Prerequisite: topology and ownership boundaries must be clear
Before talking about RTBH and FlowSpec, the answers to three questions must be on paper:
- Who is speaking BGP? (Edge router, transit/peering device, or cloud router?)
- Where does the black hole go? (Null route inside the device, scrubbing center, or upstream blackhole?)
- Who decides? (NOC, NetOps, SecOps, Incident Commander?)
If these answers are not crisp, “who pushes the command?” turns into a debate during the event and burns time.

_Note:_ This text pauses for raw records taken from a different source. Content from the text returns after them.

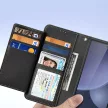 Dux Ducis Lawa Leather Case Samsung Galaxy S25 Ultra with Detachable Magnetic Wallet tok, fekete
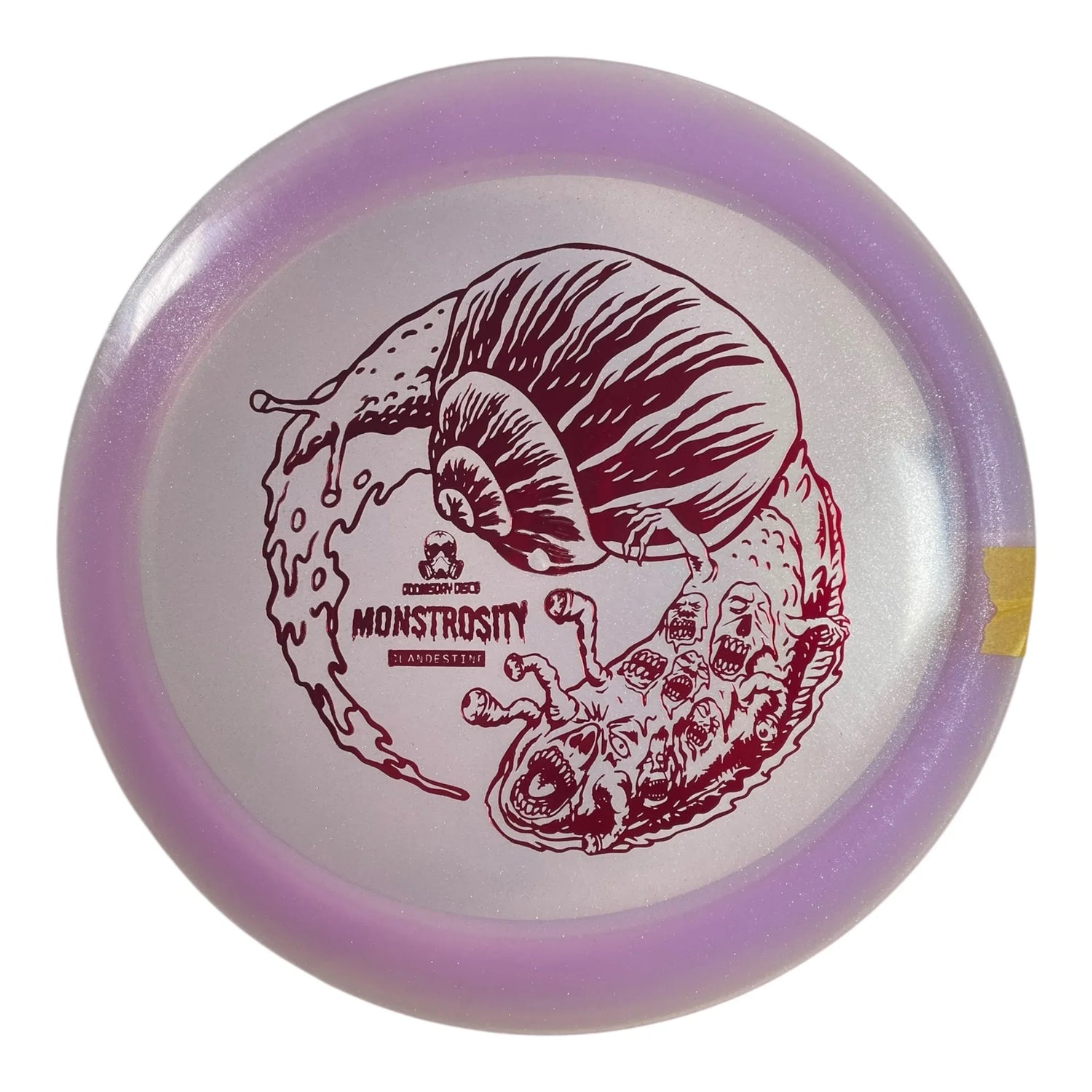 Doomsday Discs Monstrosity | Clandestine | Pink/Red 171-174g Disc Golf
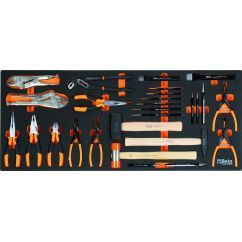 Servante mobile d'atelier BETA 9 tiroirs + composition de 716 outils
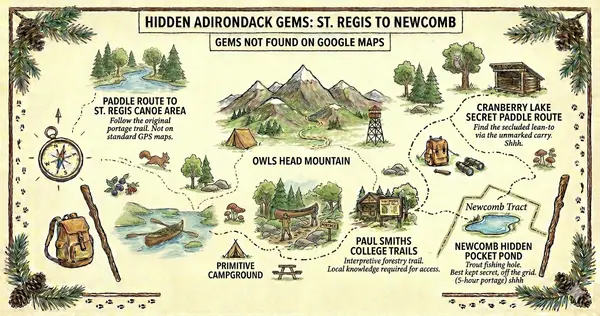 Hidden Adirondack Gems You Won't Find on Google Maps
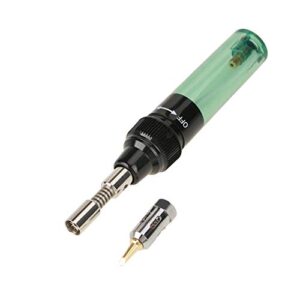 Schnurloser Butangas Lötbrenner für Elektronik, Instrumente und Computer-Motherboards mit praktischem Taschenformat und guter Verarbeitung.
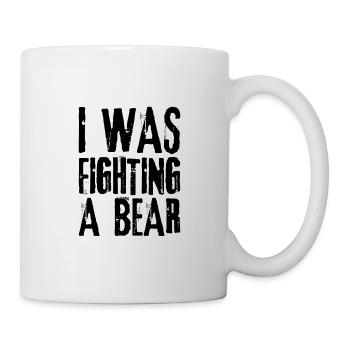 I was fighting a bear 10 - Mug - white - Right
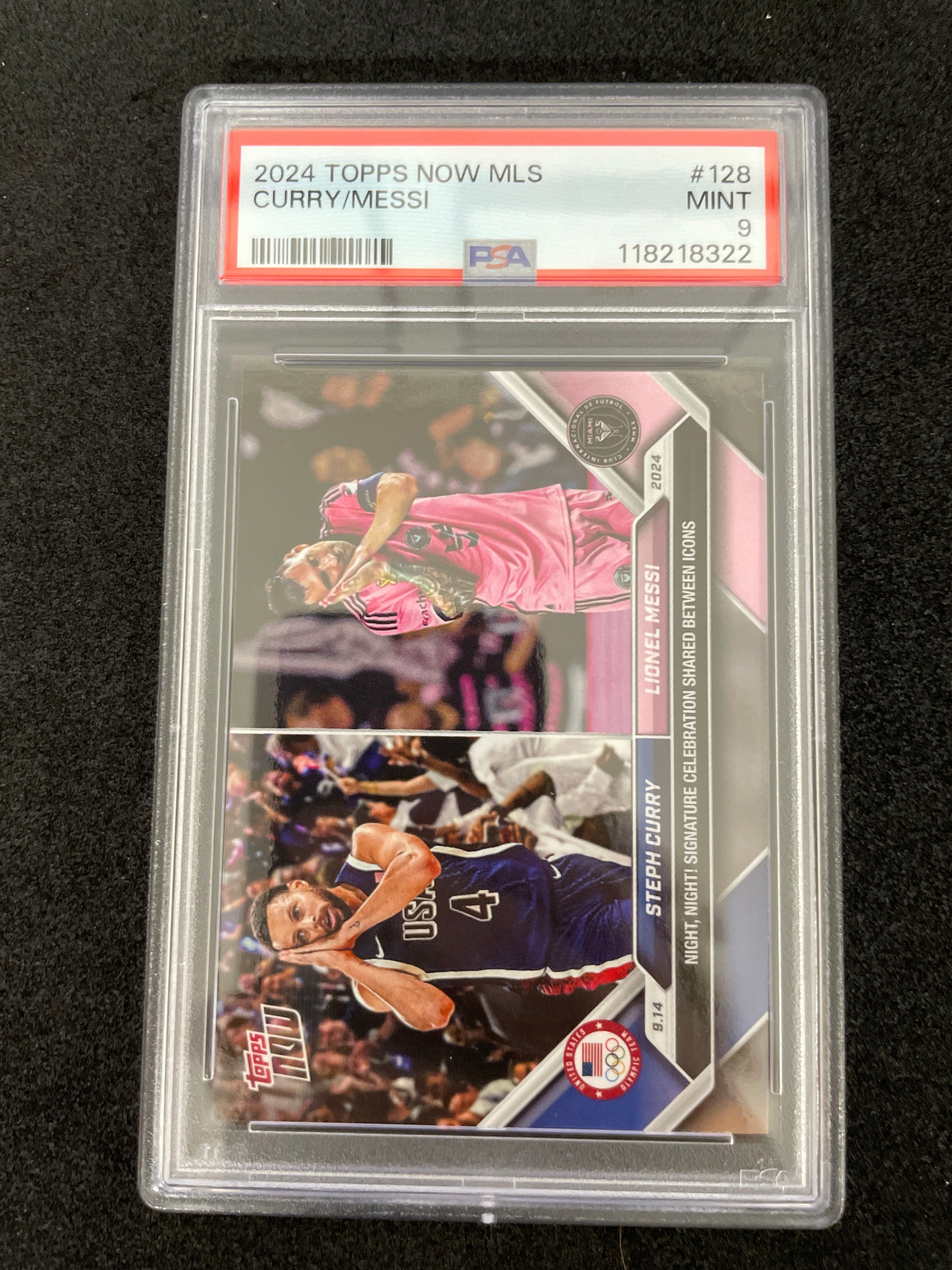 2024 Topps Now MLS Curry/Messi PSA 9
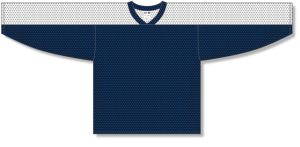 Athletic Knit LB153-216 Box Lacrosse Jersey - Navy/White - Front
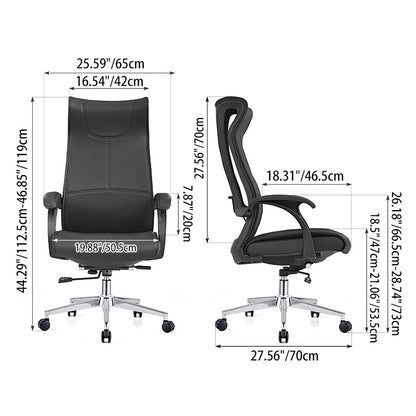 Executive High-Back Leather Office Chair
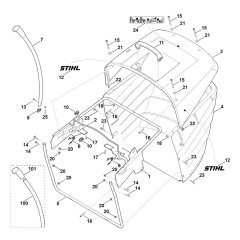 Grass Catcher Bag for Stihl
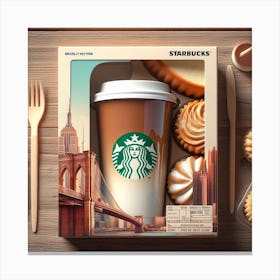 Starbucks Cup packaging Canvas Print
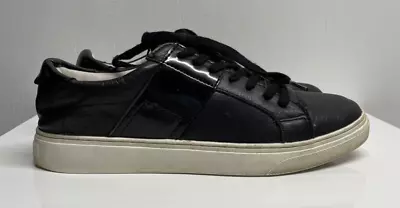 EOS Corio W Sneakers Womens 38 Casual Black Leather Lace Up Shoes Trainers 7.5 • $39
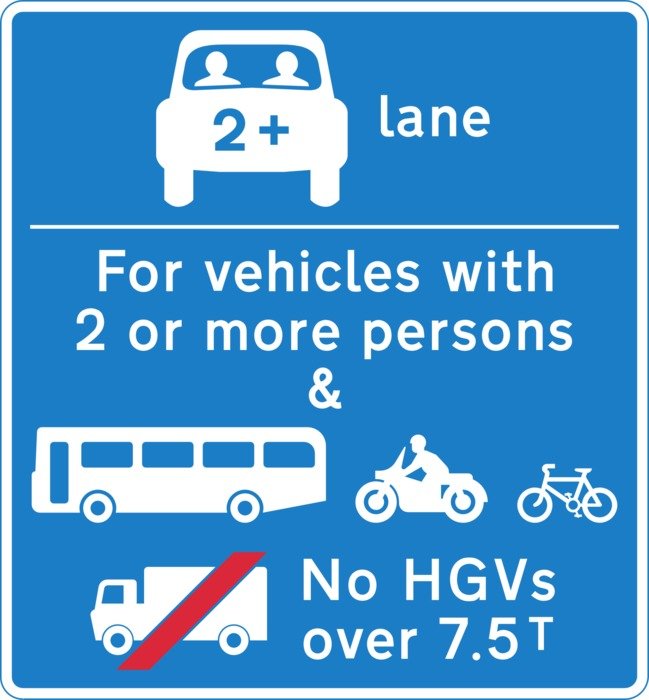 sign with instructions for travel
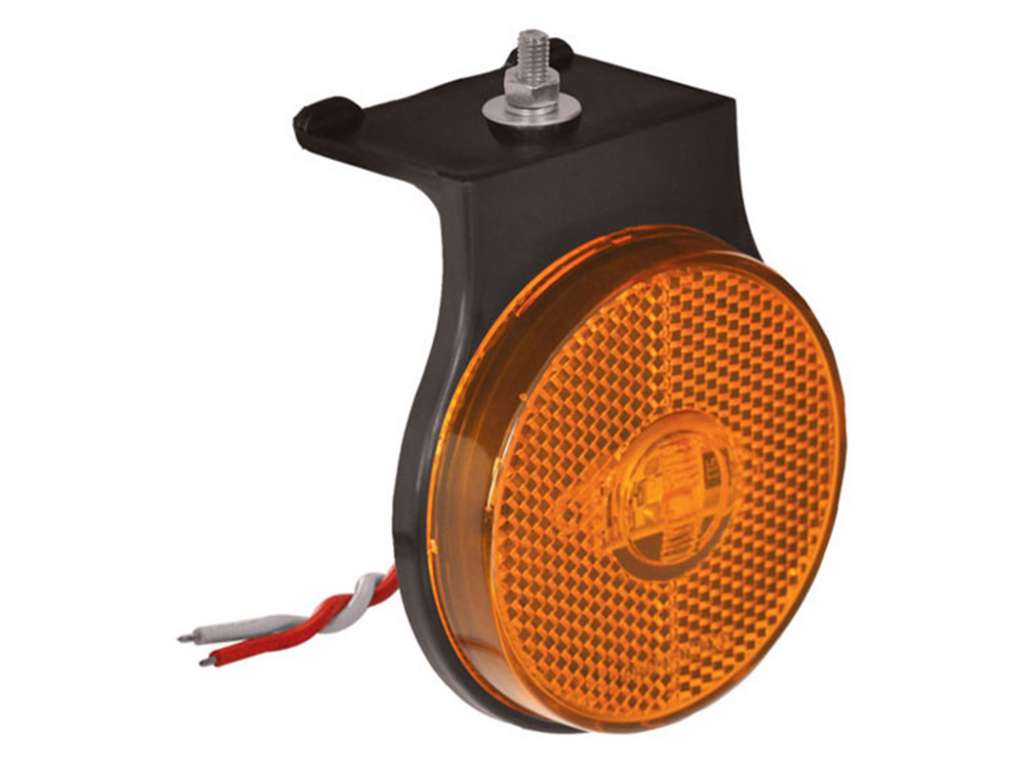 Faro lateral universal redondo LED ámbar 12V/24V con cable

Decision tree: RTBH or FlowSpec?
The most practical split in the field:
- If the target service is fully sinking and you have reached the “shut it down is better” point → RTBH
- If part of the traffic is bad and can be filtered out → FlowSpec
Quick metrics to inform that call:
| Signal | Favors RTBH | Favors FlowSpec |
|---|---|---|
| L7 fully collapsed | Yes | No |
| Attack on a single target IP | Yes | Yes |
| Attack on specific port/proto | Partly | Yes |
| False-positive risk | Low | Medium/High |
| Application tolerance | ”Shut it” acceptable | ”Stay up” target |
RTBH: minimum safe usage template
The point of RTBH is to advertise a route specific to the target prefix with a “blackhole next-hop” so the traffic gets dropped upstream. I recommend three controls:
- Trigger only on a specific community
- Accept only specific prefix sizes (narrow targets like /32)
- Set a TTL (duration) as an operational rollback standard
Verification steps
Verification after RTBH is not just “traffic dropped”:
- Verify on the edge router that the relevant prefix points to the blackhole
- Verify on the upstream/IX side that the route propagated (looking glass, if available)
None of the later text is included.